┌──
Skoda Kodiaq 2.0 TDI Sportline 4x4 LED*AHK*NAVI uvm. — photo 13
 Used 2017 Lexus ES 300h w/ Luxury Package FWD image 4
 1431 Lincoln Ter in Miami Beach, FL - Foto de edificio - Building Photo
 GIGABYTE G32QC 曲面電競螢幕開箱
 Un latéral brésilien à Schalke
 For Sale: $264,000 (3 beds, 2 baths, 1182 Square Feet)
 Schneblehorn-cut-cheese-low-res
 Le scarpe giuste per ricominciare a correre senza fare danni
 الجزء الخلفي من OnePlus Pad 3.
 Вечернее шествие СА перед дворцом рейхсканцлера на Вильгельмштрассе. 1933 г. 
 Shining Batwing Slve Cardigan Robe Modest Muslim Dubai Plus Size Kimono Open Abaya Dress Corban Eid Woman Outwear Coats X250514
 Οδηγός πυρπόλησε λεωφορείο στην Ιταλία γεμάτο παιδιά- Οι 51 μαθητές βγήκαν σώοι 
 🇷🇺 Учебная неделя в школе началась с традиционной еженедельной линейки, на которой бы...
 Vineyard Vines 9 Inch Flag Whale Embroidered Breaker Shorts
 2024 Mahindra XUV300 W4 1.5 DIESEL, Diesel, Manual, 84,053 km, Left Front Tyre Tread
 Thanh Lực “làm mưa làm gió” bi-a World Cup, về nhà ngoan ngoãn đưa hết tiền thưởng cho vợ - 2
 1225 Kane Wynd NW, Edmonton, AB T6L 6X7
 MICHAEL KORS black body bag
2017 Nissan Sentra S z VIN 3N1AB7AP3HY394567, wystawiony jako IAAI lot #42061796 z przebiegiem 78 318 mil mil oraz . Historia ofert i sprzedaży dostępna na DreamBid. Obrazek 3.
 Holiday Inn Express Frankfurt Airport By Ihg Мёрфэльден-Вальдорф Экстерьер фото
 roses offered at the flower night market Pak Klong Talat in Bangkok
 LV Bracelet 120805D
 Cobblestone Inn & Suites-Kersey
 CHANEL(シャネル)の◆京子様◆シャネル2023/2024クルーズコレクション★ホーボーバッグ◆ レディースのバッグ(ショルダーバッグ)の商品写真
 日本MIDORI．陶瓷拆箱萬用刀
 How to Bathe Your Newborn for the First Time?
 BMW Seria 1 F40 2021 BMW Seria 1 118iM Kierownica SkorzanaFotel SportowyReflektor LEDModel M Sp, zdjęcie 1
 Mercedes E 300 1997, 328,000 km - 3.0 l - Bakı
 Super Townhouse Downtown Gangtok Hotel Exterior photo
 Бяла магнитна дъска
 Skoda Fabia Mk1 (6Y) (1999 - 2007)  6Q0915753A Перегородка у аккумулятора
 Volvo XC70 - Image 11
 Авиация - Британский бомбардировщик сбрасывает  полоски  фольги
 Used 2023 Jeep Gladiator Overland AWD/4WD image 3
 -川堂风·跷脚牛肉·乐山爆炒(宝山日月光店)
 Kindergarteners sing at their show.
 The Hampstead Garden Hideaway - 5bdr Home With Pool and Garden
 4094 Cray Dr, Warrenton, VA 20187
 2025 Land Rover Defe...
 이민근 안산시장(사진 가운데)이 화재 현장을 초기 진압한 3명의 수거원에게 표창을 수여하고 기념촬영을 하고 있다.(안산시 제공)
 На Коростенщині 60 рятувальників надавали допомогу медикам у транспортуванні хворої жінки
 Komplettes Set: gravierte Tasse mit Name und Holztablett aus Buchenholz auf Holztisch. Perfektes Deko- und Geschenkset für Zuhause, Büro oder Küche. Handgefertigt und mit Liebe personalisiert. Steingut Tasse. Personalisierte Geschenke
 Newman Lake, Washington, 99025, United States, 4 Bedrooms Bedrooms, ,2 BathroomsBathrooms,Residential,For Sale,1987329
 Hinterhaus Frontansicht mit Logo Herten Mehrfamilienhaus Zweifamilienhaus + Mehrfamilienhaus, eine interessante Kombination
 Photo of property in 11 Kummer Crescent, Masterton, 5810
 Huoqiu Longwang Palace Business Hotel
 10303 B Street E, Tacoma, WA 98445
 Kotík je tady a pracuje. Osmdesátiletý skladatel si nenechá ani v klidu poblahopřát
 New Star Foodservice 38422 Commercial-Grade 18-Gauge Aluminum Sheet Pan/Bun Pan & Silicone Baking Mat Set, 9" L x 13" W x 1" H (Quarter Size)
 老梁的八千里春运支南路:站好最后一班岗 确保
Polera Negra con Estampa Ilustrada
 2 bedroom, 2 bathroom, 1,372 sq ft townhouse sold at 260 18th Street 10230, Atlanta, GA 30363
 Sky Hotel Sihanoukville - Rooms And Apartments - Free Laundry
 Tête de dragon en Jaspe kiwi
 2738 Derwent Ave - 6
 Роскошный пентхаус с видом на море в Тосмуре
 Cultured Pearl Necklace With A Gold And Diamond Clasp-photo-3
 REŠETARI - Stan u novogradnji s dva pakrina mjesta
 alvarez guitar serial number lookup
└──
▸ WHAT THE TASK ASKS:
Among the records above, repeat exactly the line with "Cobblestone Inn & Suites-Kersey", the line with "BMW Seria 1 F40", and every line in between, and only those.

▸ WRITTEN SOLUTION:
 Cobblestone Inn & Suites-Kersey
 CHANEL(シャネル)の◆京子様◆シャネル2023/2024クルーズコレクション★ホーボーバッグ◆ レディースのバッグ(ショルダーバッグ)の商品写真
 日本MIDORI．陶瓷拆箱萬用刀
 How to Bathe Your Newborn for the First Time?
 BMW Seria 1 F40 2021 BMW Seria 1 118iM Kierownica SkorzanaFotel SportowyReflektor LEDModel M Sp, zdjęcie 1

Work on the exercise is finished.